Au niveau de la mer, la pression atmosphérique est en effet de 1 bar. A 10 mètres de profondeur, à la pression atmosphérique s’ajoute la pression hydrostatique de 1 bar liée à la colonne d’eau. La pression augmente ensuite de manière linéaire. A 50 mètres de profondeur la pression est ainsi de 6 bars.
Exploiter ce gradient de pression entre les profondeurs de la mer et la surface pour stocker/restituer l’énergie électrique est au cœur de l’approche de la start-up SubHydro AS en collaboration avec le SINTEF, le plus grand centre de recherche scientifique de toute la Scandinavie et basé à Oslo en Norvège.
« C’est précisément cette énergie potentielle que nous voulons exploiter » indique Rainer Schramm, ingénieur allemand qui a fait carrière dans les technologies aérospatiales et qui est le fondateur de SubHydro.
« Le SINTEF possède des experts dans le domaine de génération électrique, des technologies, et des eaux profondes, ce qui signifie que nous avons tous le nécessaire réunit en un seul endroit » explique l’ingénieur.
Une solution pour développer en masse les énergies renouvelables fluctuantes
L’innovation de SubHydro consiste à ancrer au fond la mer des sphères creuses en béton et en contact avec l’air atmosphérique vie un tube de ventilation.

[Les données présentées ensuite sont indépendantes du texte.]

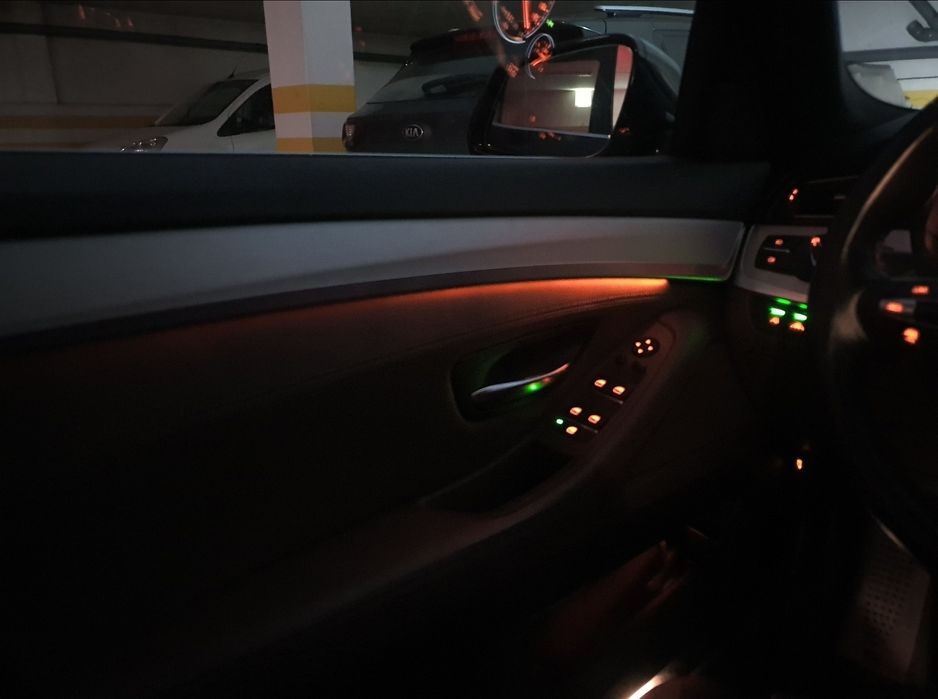 BMW 525D  full extras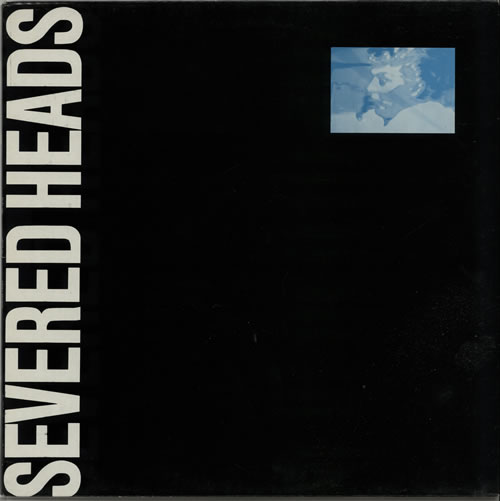 Severed Heads Propellor Two 12" vinyl single (12 inch record / Maxi-single) UK SF612PR628588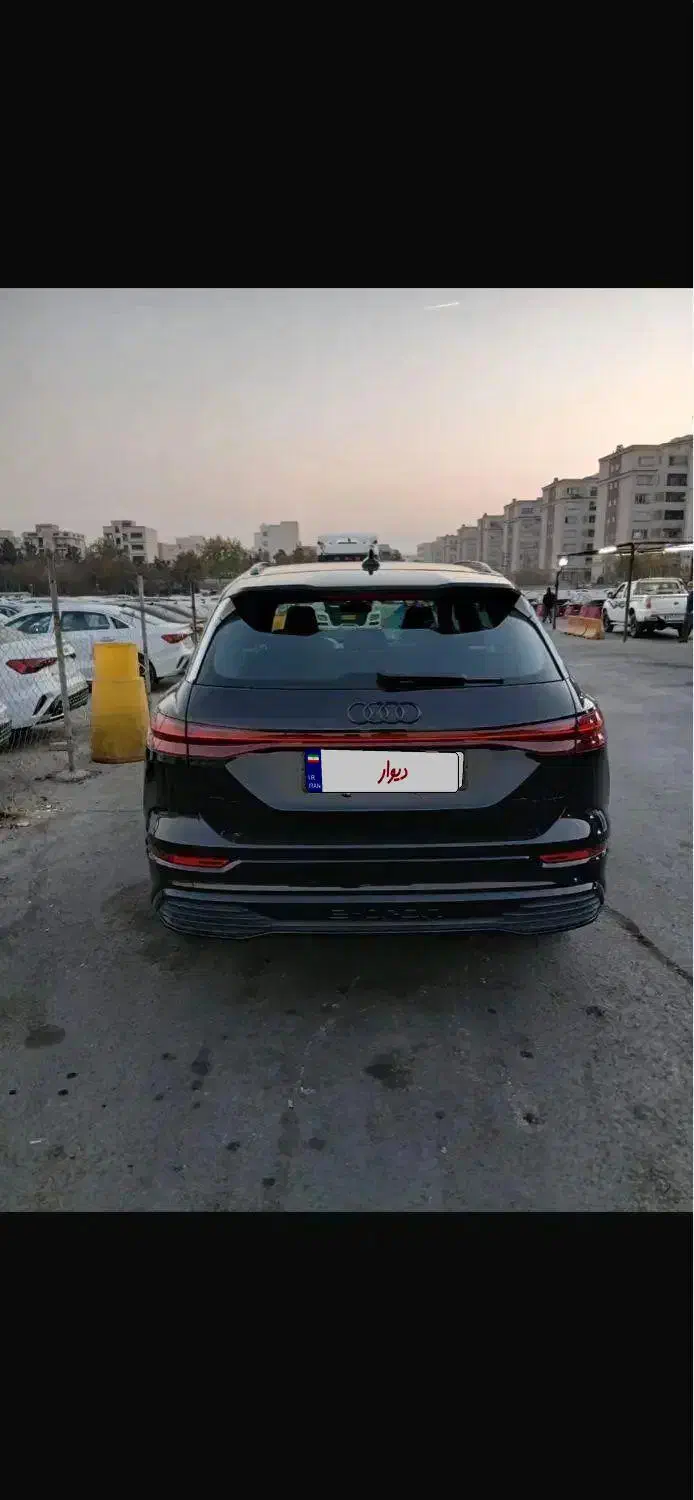 ایودی Q5بلک پکیج فول تیپ 4.|خودرو سواری و وانت|تهران, آرژانتین|دیوار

Quand la production éolienne ou solaire est faible, de l’eau s’engouffre dans la sphère entrainant une turbine, comme dans une centrale hydroélectrique classique.
Quand la production éolienne ou solaire est abondante, l’excès d’électricité est utilisé pour chasser l’eau de la sphère et la remplacer par de l’air.

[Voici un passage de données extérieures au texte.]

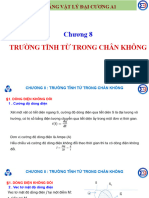 VL1-Chuong 8 - Truong Tinh Tu Trong Chan Khong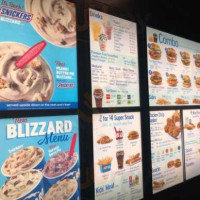 Dairy Queen Grill & Chill food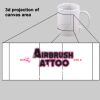 Gloss White Mug Thumbnail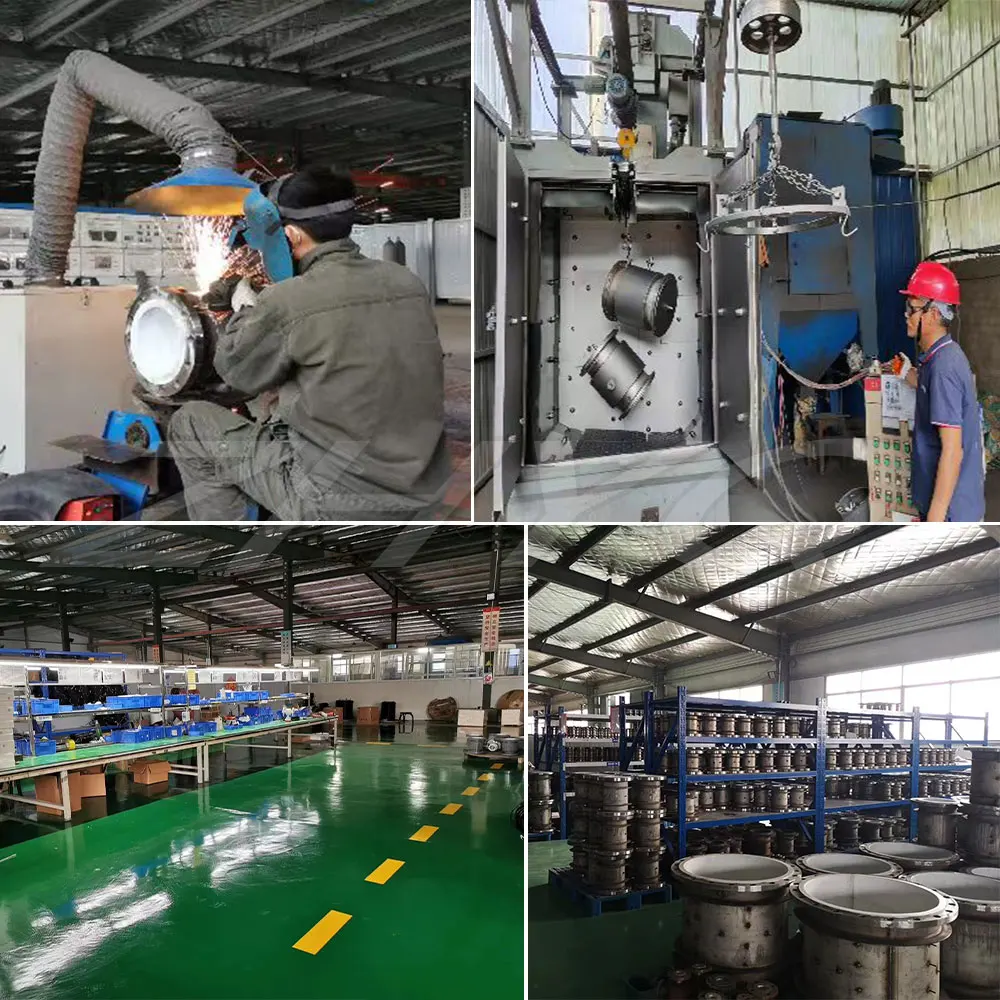 2 4 8 Inch Digital Display Water Flow Meter Pipeline  Pump Liquid Electromagnetic Magnetic Flowmeter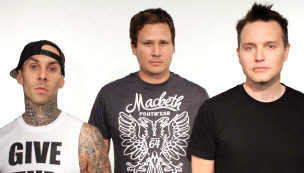 Hire Blink-182 - book Blink-182 for an event!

Chaque système Subhydro sera dimensionné pour stocker/délivrer 300 MW pendant 8 heures, c’est-à-dire le tiers de la puissance d’un réacteur nucléaire standard. L’efficacité d’un cycle complet de stockage-déstockage Subhydro est de 80%, ce qui est aussi élevé qu’avec les centrales de pompage-turbinage (STEP), et bien meilleur qu’avec les solutions à base d’hydrogène ou d’air comprimé.

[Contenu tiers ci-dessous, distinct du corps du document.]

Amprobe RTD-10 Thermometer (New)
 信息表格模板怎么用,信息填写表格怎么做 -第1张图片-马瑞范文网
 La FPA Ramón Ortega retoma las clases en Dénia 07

Renforcer le béton avec des fibres d’acier
Plus les sphères creuses sont installées en profondeur, plus l’énergie stockée est importante du fait de la pression hydrostatique, et plus l’équation économique est favorable. Tout l’enjeu des recherches actuelles est de trouver un béton aux propriétés optimales.
« Le challenge est de trouver l’équilibre optimal entre la résistance du béton et son coût. Si nous parvenons à mettre au point un béton 5 fois plus résistant que le béton ordinaire, nous pourrons réduire de 75% l’épaisseur des parois des sphères.
C’est un facteur critique. Nous devons parvenir à des coûts de production et d’installation qui rendent le stockage de l’énergie économique par rapport aux prix de l’électricité. » explique le chercheur Martius Hammer. “L’une des solutions que le SINTEF explore est de renforcer le béton avec des fibres d’acier au lieu de barres d’acier standards .Le béton actuel peut être utilisé mais notre mission est de trouver une alternative meilleur marché ».
Jules Verne est de retour, mais en Norvège
« Plusieurs personnes ont eu l’idée de stocker l’énergie en exploitant la pression au fond de la mer, mais nous sommes les seuls au monde à le rendre possible » affirme Rainer Schramm.
D’après les chercheurs du SINTEF, la profondeur idéale pour installer les sphères se situerait entre 400 et 800 mètres. Il suffit de lire une carte des fond marins pour identifier de nombreux pays jouissant de ces profondeurs d’eau à une distance raisonnable du littoral, comme par, en Europe, le Portugal, l’Espagne, la France (par exemple en Méditerranée), l’Italie, la Grèce, l’Irlande, la Grande-Bretagne et la Norvège.
Ce système de stockage innovant élimine complètement le problème de l’impact paysager et, à l’inverse des STEP à eau douce ou à eau de mer, évite de consommer des surface montagnardes ou littorales où les conflits d’usage sont fréquents et les règlementations compliquées.
Des éoliennes flottantes (ou des parcs solaires flottants en fonction du gisement local) pourraient être installés à proximité de ces STEP air/eau sous-marines, ceci afin d’optimiser les coûts de raccordement, par exemple par liaison sous-marine HVDC.